We plan to give our clients access to their individual accounts in the cloud. They can upload files, review design proofs, approve jobs, and have a repository of all their previous design and print files. This system will facilitate our designers and prepress specialists’ ability to work collaboratively with them.

Our ERP software will be in the cloud, and we plan to integrate web-to-print and print-on-demand. The goal is to make it more convenient for clients to do business with you than with an analog-oriented competitor. Customers will be able to fill out purchase orders that will be customized for their print needs with things like auto-fill for their most common items. These purchase orders will be converted to work orders in the cloud and integrated into the production process. Software running on the virtual computers will perform functions like preflighting, queuing and nesting files, applying profiles, determining printers and media, and checking stock – including set-up specifications for CNC machines – and even ripping files and placing them in the print queue. We hope to automate up to 90 percent of typical orders – no human intervention before the job hits the printer. If there are custom features or problems that require the work of a project manager, CSR, designer, or prepress specialist, the system will notify the appropriate staff to intervene.

Given that the client has access to their account in the cloud, we may offer some or all the ability to track or receive automated updates of their project’s progress in the queue. We think this will cut down on phone calls from clients wanting updates.

Enhance Internal Efficiency
In most companies, spreadsheets, word processing documents, and presentations are shared among the staff. Commonly, we use email to share these. People respond with edits and comments, then someone has to distill everything into the final document. Starting the document in the cloud enhances this collaborative process. The system tracks each version, making it possible to revisit previous versions. This capability currently exists with Apple’s Office-like suite, Office 365, and Google Docs. This gives us all a way to tiptoe into the cloud.

A big deal for many companies is the universal accessibility that seems to be built into all cloud computing. It doesn’t matter if you have staff on Mac, PC, or another Unix-based platform, using their iOS, Android, Windows Mobile, and Blackberry – the cloud is agnostic. Your cloud system can also be accessed from anywhere. This facilitates staff inputting and accessing important information. A sales person can know in minutes if he or she can fulfill a client’s rush order because the material is in stock and there is capacity in the production queue.

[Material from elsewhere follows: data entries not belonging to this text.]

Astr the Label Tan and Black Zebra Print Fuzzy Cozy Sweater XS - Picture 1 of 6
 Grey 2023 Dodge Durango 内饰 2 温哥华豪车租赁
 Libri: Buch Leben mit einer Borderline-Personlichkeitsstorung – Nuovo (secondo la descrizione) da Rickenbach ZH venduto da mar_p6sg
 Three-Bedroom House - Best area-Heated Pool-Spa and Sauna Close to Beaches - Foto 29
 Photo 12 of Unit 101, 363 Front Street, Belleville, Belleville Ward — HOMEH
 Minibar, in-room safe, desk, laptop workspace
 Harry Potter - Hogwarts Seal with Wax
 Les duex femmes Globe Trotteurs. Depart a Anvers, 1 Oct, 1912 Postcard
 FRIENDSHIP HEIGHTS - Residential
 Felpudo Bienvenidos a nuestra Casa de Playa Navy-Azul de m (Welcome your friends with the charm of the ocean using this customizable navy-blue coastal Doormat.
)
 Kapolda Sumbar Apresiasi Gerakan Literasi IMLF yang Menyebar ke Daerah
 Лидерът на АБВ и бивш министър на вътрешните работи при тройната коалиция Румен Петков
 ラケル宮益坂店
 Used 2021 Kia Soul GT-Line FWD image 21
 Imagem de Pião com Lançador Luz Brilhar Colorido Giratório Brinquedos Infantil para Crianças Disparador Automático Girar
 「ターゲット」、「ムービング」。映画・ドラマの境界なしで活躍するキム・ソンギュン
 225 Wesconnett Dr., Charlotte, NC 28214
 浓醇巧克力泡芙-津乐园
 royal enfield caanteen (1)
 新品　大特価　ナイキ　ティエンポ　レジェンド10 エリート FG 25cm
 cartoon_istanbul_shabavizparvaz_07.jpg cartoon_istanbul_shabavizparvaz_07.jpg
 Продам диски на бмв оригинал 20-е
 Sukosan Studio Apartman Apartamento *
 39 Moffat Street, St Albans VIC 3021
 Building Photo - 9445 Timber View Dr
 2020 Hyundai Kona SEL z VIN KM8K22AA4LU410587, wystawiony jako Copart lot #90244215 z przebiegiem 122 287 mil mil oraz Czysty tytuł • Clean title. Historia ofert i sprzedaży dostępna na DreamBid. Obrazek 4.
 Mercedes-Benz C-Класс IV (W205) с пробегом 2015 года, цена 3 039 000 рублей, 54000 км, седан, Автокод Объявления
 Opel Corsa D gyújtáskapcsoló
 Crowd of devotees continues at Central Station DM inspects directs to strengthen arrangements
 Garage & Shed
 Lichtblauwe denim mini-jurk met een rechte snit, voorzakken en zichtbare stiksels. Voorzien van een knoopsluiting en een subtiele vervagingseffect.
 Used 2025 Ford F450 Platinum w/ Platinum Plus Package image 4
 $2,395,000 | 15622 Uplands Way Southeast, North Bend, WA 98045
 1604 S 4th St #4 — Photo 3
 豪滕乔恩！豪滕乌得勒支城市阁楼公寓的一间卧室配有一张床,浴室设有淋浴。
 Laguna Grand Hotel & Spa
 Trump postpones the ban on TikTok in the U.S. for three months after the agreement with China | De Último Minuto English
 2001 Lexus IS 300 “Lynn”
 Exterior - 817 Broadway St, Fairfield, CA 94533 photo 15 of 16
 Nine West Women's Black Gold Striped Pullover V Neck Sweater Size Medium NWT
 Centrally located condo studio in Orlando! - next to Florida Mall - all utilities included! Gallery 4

Invoicing is speeded with automation, and the faster you deliver an invoice, the faster you can get paid. Plus, your vendors can be connected to you through the cloud, and integration into your inventory software allows you to keep key products in stock and alert managers when any item is exhausted.

A combination of a great ERP system hosted on a cloud platform can take companies in our industry into the future. Having so much information and power at a manager’s or a team’s fingertips enhances sound decision-making, makes the production process more efficient, and can dramatically cut down on the time it takes to run a job through the shop.

We think cloud computing will play a major role in our company’s future. That means cutting down on our local IT structure, upgrading our IT capabilities without large capital investments, or hiring additional IT staff. We want to make doing business with us easier for our customers. We want to automate the process and make our office run more efficiently. We want to speed up the time it takes from the customer order to delivery. And we want to enhance collaborative communication amongst our staff.

Perhaps cloud computing doesn’t make sense for you right now. However, you can’t ignore today’s rapidly changing technology. We have all seen companies that fail because they don’t keep up. Don’t be one of them: Invest the time to look into how cloud computing can offer future benefits to your company.